Saturday, September 30, 2017

Saturday Morning Links

Assorted content for your weekend reading.

- Linda McQuaig writes that it's long past time to review our tax system to make sure it isn't unfairly leaking money to the people who need it least:
These high rollers are able to avoid substantial amounts of tax by setting up private corporations and then funneling their incomes through these corporations.

The widespread use of this tax avoidance scheme only came to light because of a detailed 2014 study by public finance scholars Michael Wolfson, Michael Veall and Neil Brooks, who used previously unavailable data from tax returns to show that billions of dollars received by some of the richest Canadians had not been included in the calculation of their incomes.

Once this invisible income — amounting to an astonishing $48 billion in 2010 — is added to their reported personal incomes, Canada’s rich are considerably richer than we’ve been led to believe.
For instance, according to commonly used data (for 2011), the average income for those in Canada’s top 1 per cent was $359,000. But once the income they held in private corporations was added, the actual average annual income of these folks was a much heftier $500,200.

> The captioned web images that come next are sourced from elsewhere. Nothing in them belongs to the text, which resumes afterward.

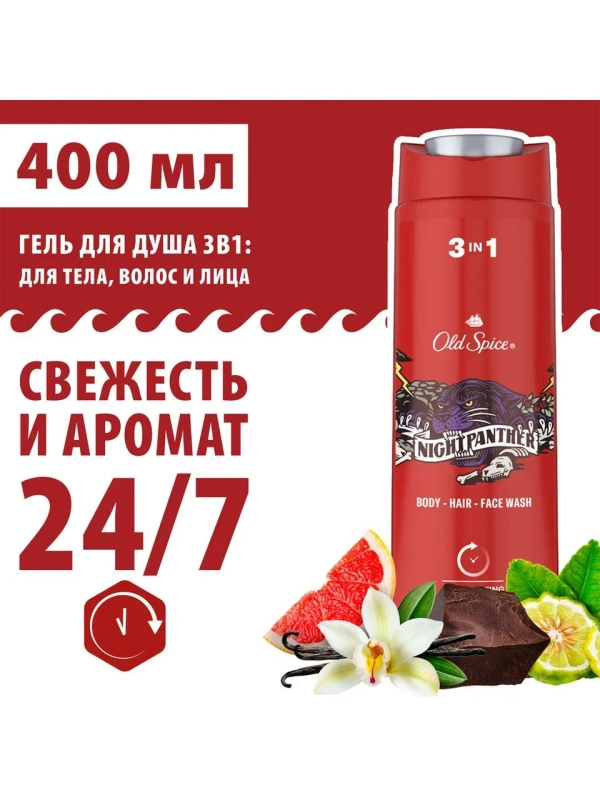 OLD SPICE мужской гель для душа + шампунь 3в1 Night Panther 400мл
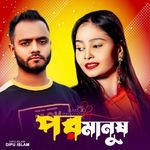 POR MANUS TOR APON HOLO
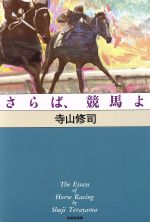 さらば、競馬よ/新書館/寺山修司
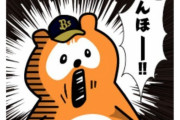 【悲報】超有名アニメ監督、優勝したオリックスファンとレスバ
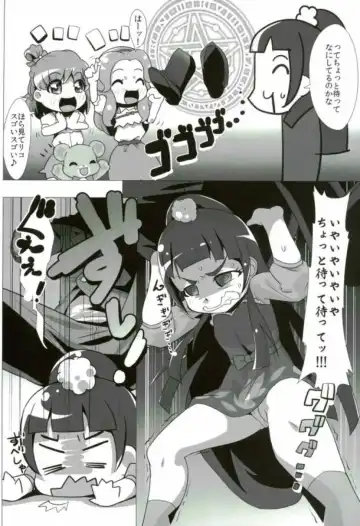 [Cureryuta] Nashimahoukai no Mahou Tsukai Fhentai - Page 3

The higher up the income ladder, the more popular private corporations have become. Roughly 80 per cent of the richest .01 per cent of Canadians funnel income through private corporations and the amounts involved are substantial, the study found.

The average income for those in the top .01 per cent was $4.69 million a year — an enormous income. But once the income held in their private corporations was added, the average income in this privileged group actually jumped to a stunning $8 million a year.
The tax loophole for private corporations is, of course, just one of the loopholes benefiting the rich and we need a comprehensive examination of all of them, if we’re to begin addressing the growing inequality in our society.

But the skirmish over this loophole is an important battle. And it won’t be easily won, given the reluctance of the powerful to give up their tax breaks. Lined up with them is Conservative leader Andrew Scheer and the high-powered world of Bay Street tax practitioners, who are churning out technical arguments aimed at obscuring what’s at stake and leaving ordinary citizens inclined to leave such complex matters to the professionals.

That’s unfortunate, because what’s at stake here is vital in a democracy — a tax system that’s fair, with the ability to raise sufficient revenue to fund key public programs that benefit us all.
- Gregory Beatty talks to Erin Weir about the real effect of the loopholes under review. And Lana Payne links closing tax loopholes to improved minimum wages as basic steps toward shared economic prosperity.

- Speaking of which, Michal Rozworski duly critiques the TD Bank's attempt to fearmonger about a $15 minimum wage. And Martin Regg Cohn discusses why we should be skeptical of corporate interests trying to prevent workers from sharing in economic growth.

- Noah Smith examines how a focus on short-term returns leads to worse results in the long run both for individual businesses and the economy as a whole. And Matt Egan notes that wealth inequality is worse in the U.S. than it's ever been.

- Finally, Shawn Micallef comments on the dangers of cities not designed for basic resident safety - with a lack of bike infrastructure which creates imminent risks for cyclists serving as a particularly vivid example.